### WHAT THE EXERCISE ASKS
Starting with the line that has "THE DEFECTS - DEFECTIVE" and finishing with the line that has "PL2-48-Cat.5e-Dual (10656c): Патч-панель", set down each line below exactly. Pictures are not copied.

### PROVIDED RECORDS

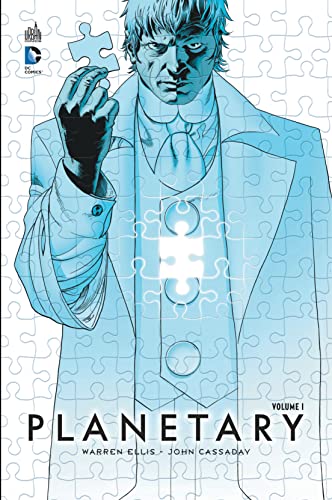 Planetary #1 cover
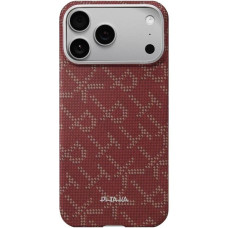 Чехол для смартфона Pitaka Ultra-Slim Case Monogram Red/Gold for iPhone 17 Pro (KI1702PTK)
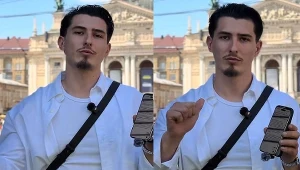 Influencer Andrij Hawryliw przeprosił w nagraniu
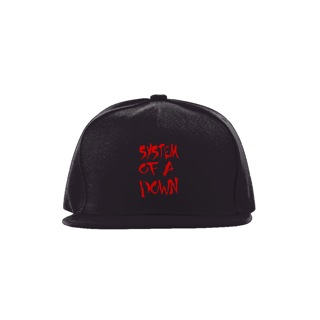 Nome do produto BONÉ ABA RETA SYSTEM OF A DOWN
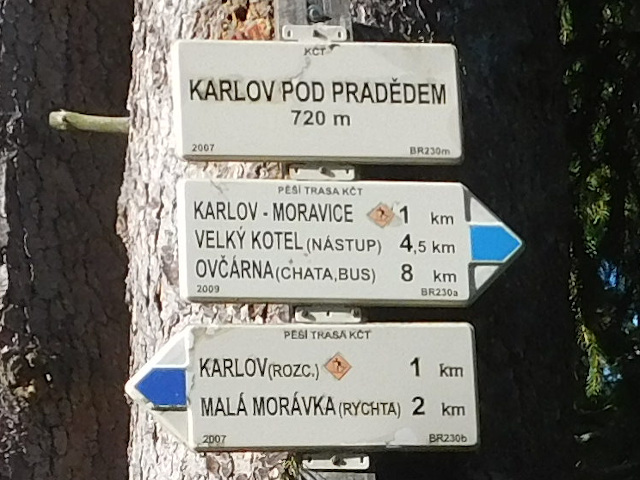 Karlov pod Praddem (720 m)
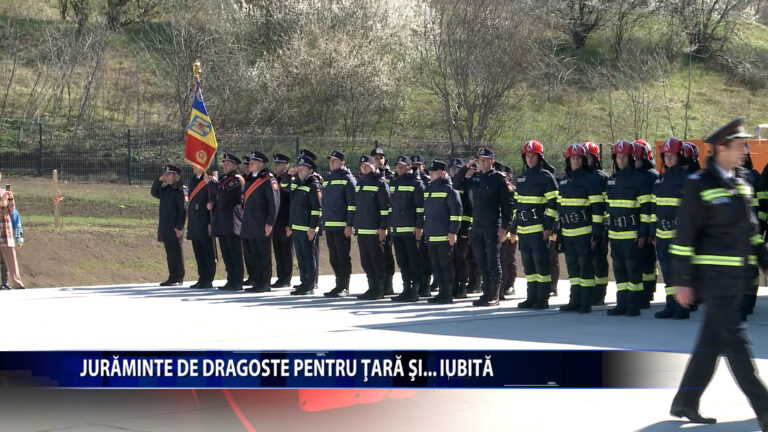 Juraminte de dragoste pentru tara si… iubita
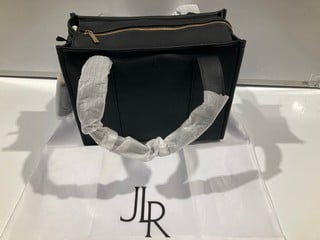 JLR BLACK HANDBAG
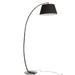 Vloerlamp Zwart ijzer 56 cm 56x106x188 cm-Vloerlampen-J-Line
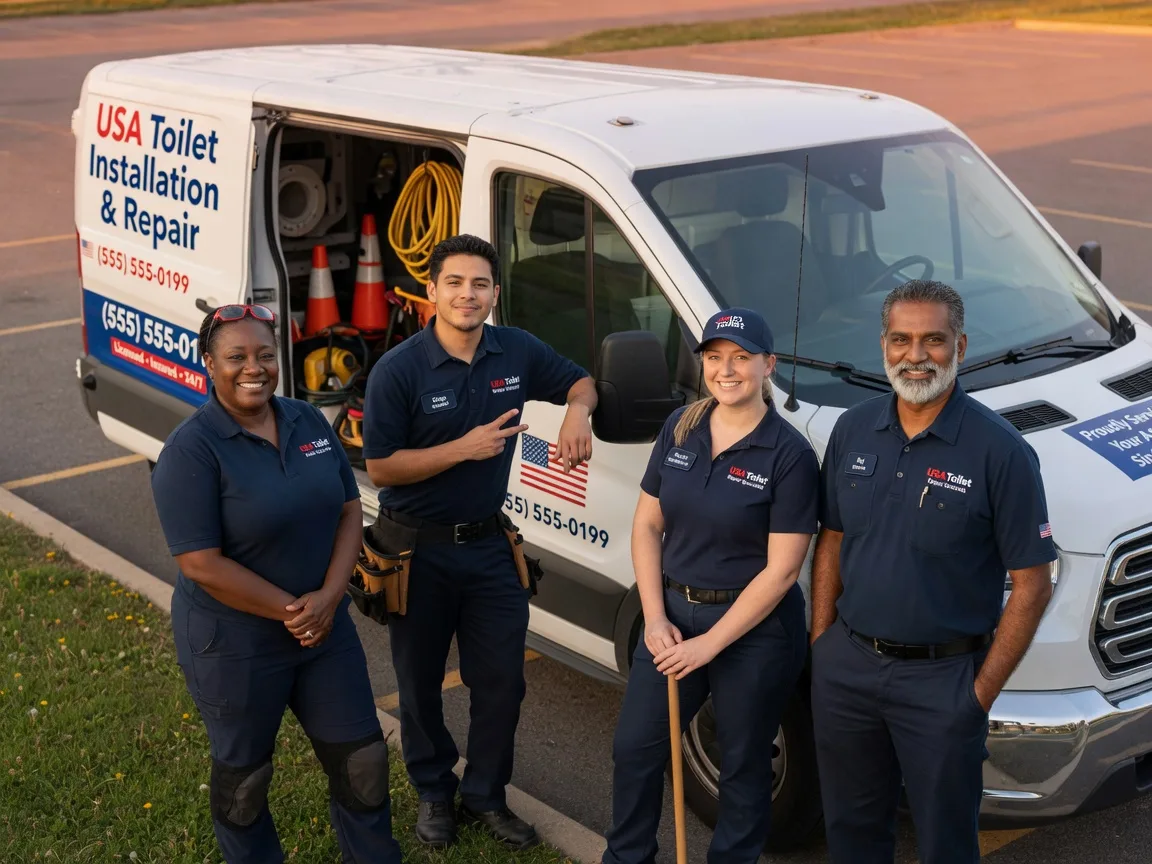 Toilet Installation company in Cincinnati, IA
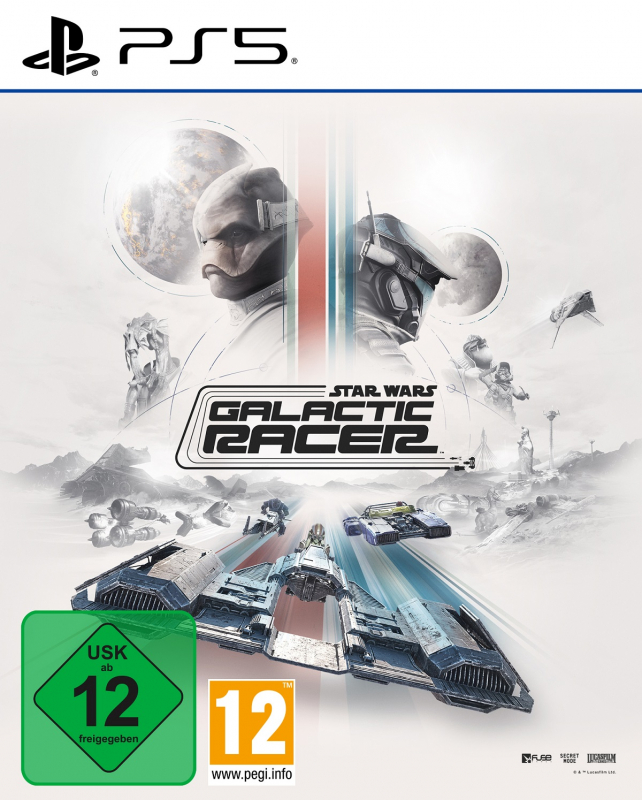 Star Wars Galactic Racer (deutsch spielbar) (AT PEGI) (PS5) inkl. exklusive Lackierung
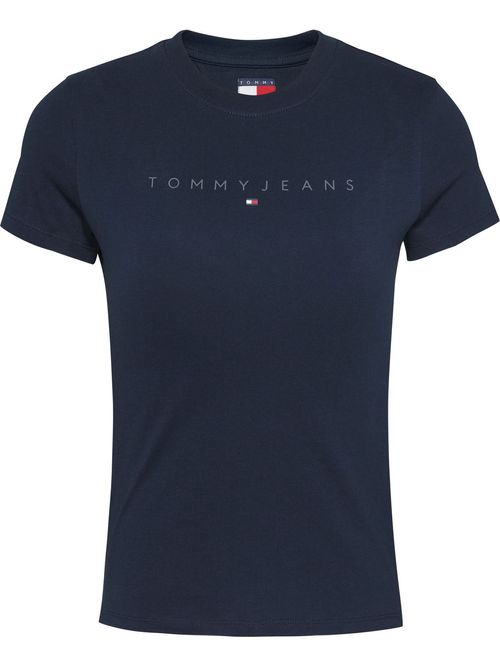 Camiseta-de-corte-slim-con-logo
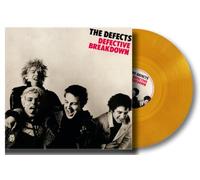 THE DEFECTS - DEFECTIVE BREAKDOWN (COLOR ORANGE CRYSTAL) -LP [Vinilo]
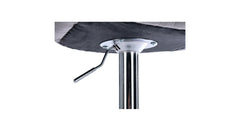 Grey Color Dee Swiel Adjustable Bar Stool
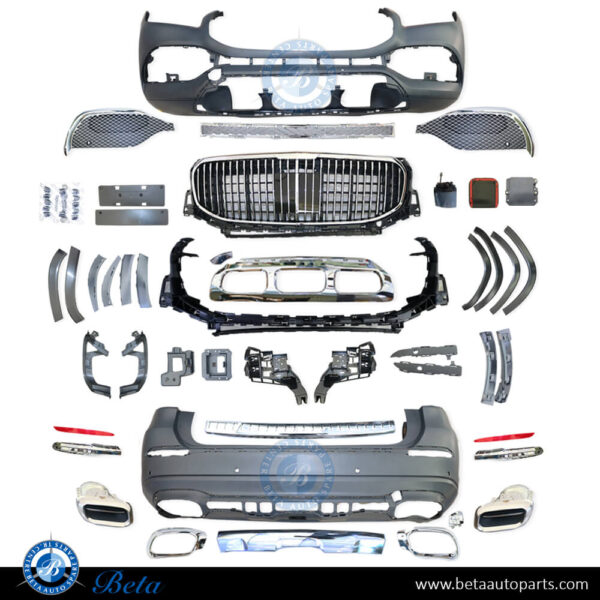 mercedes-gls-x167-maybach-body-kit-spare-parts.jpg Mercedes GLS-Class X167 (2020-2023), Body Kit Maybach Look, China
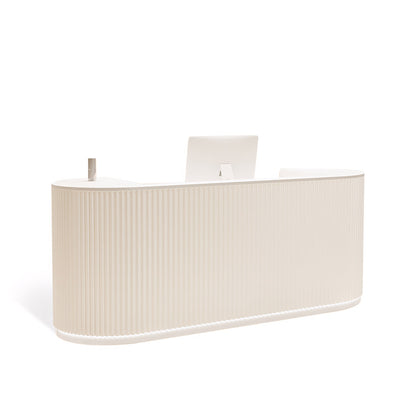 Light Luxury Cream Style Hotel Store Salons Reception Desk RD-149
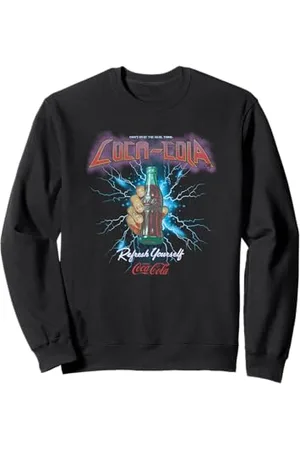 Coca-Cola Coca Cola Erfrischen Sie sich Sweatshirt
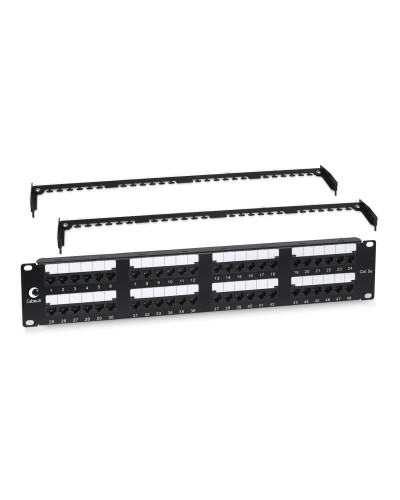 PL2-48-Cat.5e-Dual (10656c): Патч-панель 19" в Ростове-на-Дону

--

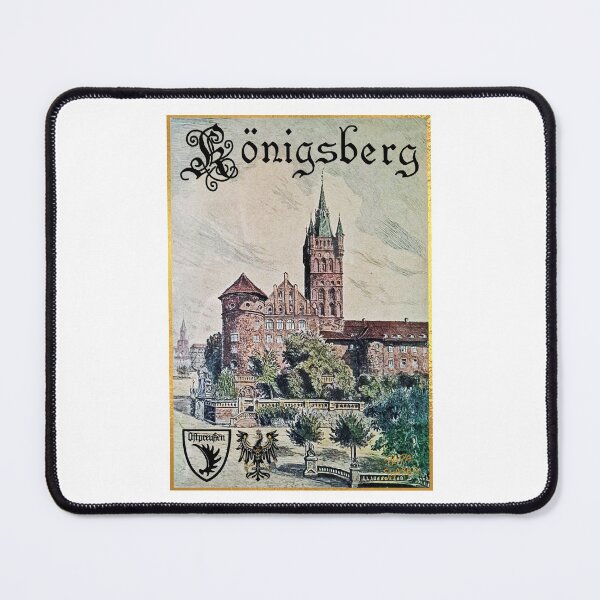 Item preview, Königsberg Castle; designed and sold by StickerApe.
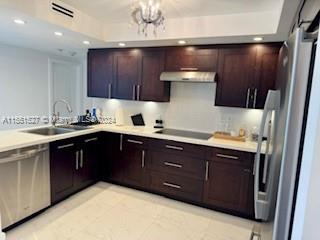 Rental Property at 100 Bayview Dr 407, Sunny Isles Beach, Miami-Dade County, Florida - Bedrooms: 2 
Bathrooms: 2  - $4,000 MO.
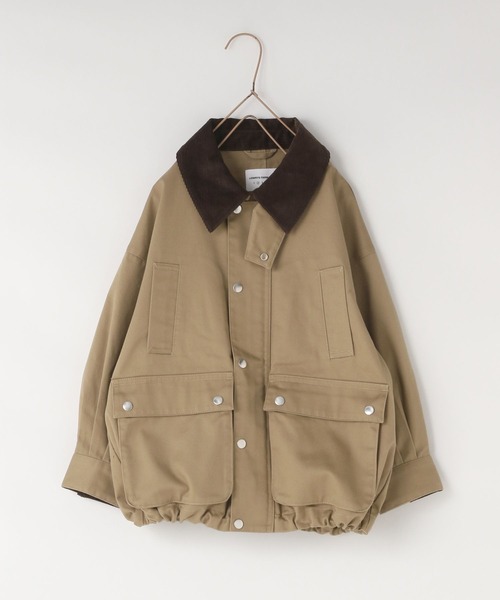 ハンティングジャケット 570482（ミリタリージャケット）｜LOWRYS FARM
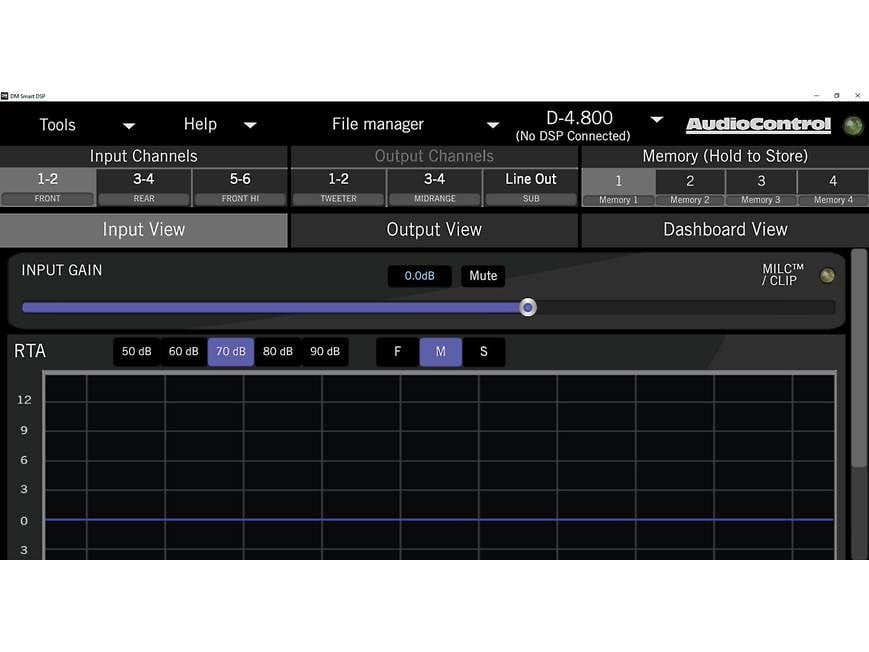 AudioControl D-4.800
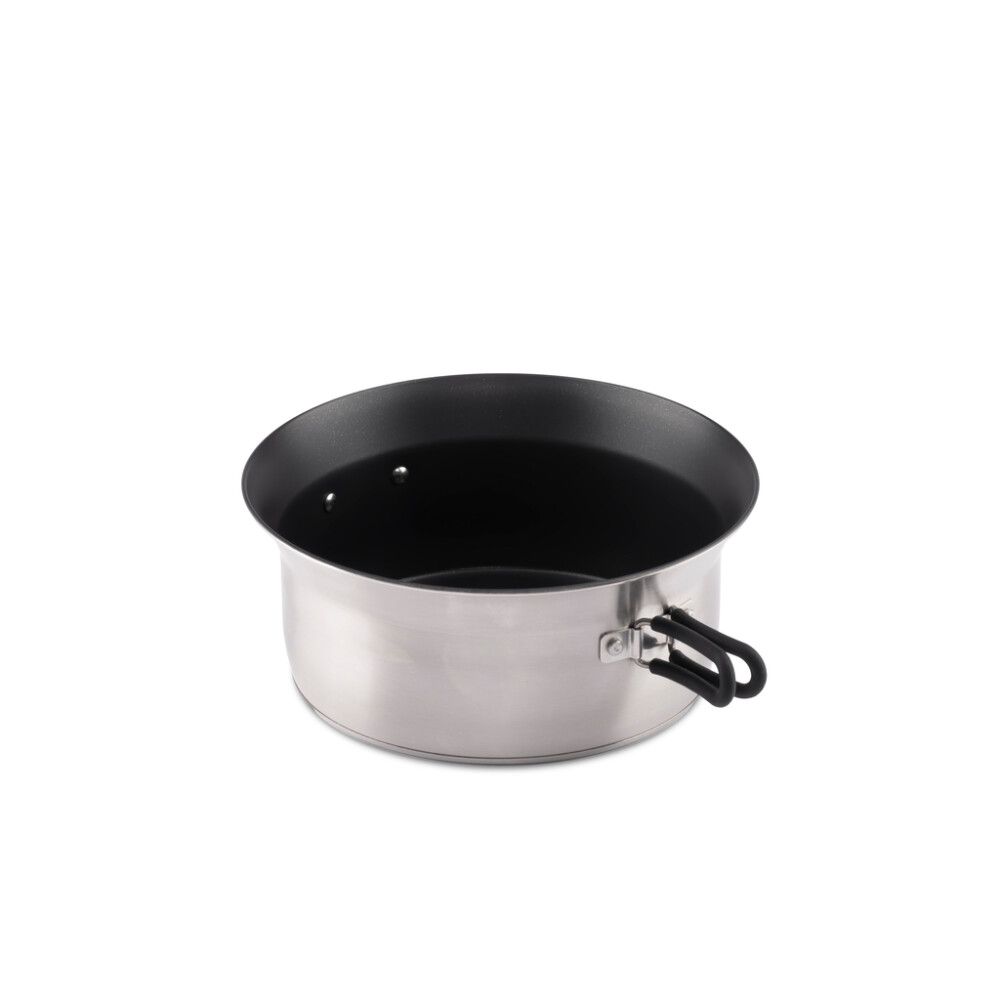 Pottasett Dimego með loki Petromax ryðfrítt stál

* * *

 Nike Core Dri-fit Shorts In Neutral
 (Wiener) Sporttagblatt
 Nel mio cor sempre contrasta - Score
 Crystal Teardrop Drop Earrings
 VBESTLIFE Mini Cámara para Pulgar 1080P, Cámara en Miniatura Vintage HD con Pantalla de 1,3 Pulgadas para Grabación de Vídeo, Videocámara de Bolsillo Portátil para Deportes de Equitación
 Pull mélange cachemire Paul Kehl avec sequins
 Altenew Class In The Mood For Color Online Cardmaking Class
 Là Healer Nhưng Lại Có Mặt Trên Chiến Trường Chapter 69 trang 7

### EXERCISE SOLUTION
 THE DEFECTS - DEFECTIVE BREAKDOWN (COLOR ORANGE CRYSTAL) -LP [Vinilo]
 Grey Color Dee Swiel Adjustable Bar Stool
 mercedes-gls-x167-maybach-body-kit-spare-parts.jpg Mercedes GLS-Class X167 (2020-2023), Body Kit Maybach Look, China
 Light Luxury Cream Style Hotel Store Salons Reception Desk RD-149
 Coca-Cola Coca Cola Erfrischen Sie sich Sweatshirt
 PL2-48-Cat.5e-Dual (10656c): Патч-панель 19" в Ростове-на-Дону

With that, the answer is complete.